Action item
The entries that follow include a run beginning at the line with "ボブラングリシュ |グレー・アンダルチアン・スタリオンが跳躍 ポストカード" and ending at the line with "Vente Appartement F5 Alger Ain naadja"; restate that run word for word and leave the rest out.

Input material

+++

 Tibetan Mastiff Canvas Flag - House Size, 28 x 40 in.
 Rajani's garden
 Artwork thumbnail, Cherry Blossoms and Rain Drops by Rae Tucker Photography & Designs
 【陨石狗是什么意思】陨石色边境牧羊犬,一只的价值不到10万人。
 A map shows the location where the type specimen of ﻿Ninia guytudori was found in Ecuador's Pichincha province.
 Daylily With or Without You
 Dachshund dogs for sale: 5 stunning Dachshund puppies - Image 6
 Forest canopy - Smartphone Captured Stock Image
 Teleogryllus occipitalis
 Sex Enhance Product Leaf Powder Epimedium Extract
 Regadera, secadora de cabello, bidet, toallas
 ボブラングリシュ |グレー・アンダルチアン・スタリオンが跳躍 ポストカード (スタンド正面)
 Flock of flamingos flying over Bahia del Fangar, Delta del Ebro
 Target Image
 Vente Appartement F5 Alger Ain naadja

+++

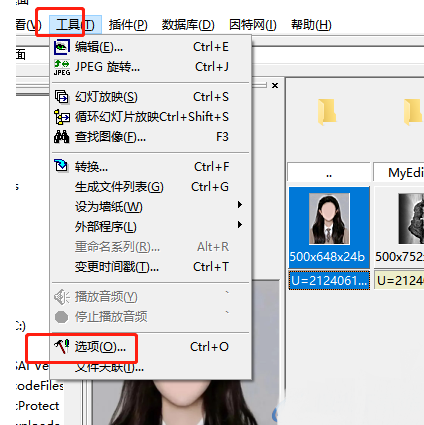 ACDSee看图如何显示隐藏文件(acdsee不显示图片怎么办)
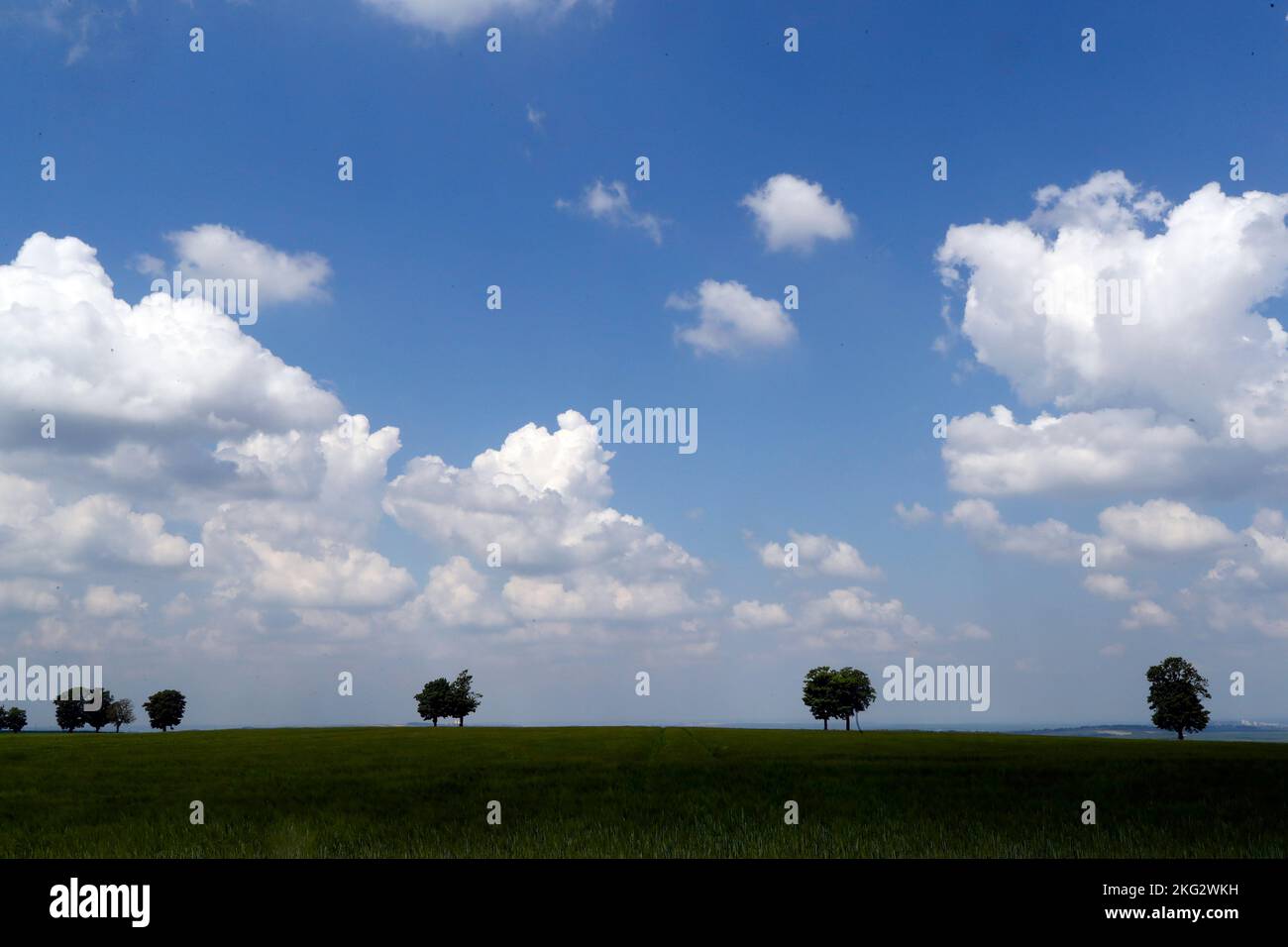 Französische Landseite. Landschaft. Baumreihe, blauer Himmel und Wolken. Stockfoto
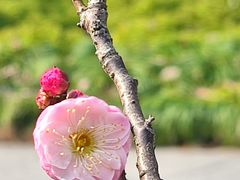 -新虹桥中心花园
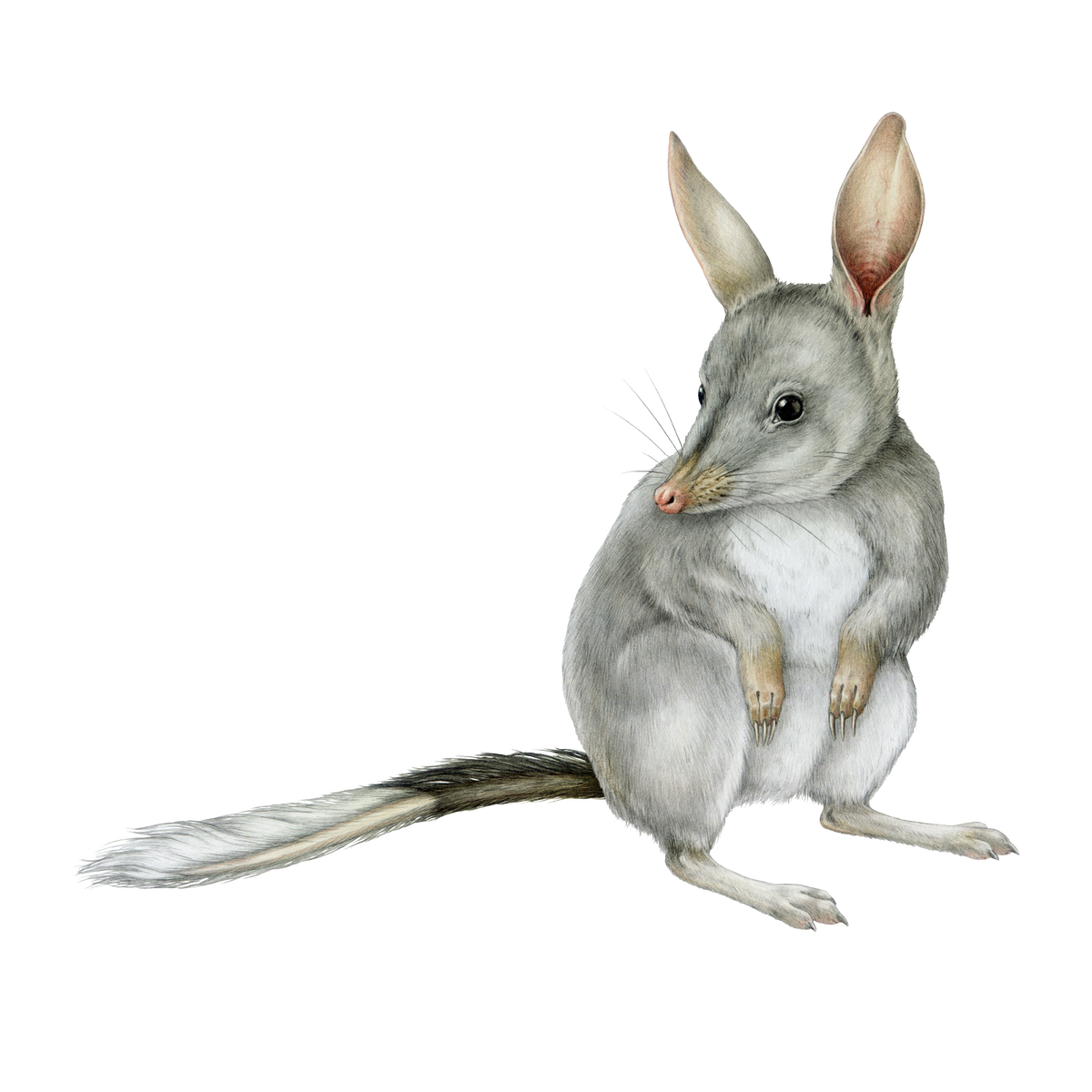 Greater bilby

+++

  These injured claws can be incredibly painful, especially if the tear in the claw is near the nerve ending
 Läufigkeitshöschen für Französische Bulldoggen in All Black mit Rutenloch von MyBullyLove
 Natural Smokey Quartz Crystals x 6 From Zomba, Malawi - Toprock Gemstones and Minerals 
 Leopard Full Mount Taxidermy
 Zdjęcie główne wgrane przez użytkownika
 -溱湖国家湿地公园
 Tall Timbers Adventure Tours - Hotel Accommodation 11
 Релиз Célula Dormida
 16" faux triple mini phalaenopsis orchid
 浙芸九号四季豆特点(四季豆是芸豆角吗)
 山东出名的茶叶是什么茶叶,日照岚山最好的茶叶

+++

Solution below
 ボブラングリシュ |グレー・アンダルチアン・スタリオンが跳躍 ポストカード (スタンド正面)
 Flock of flamingos flying over Bahia del Fangar, Delta del Ebro
 Target Image
 Vente Appartement F5 Alger Ain naadja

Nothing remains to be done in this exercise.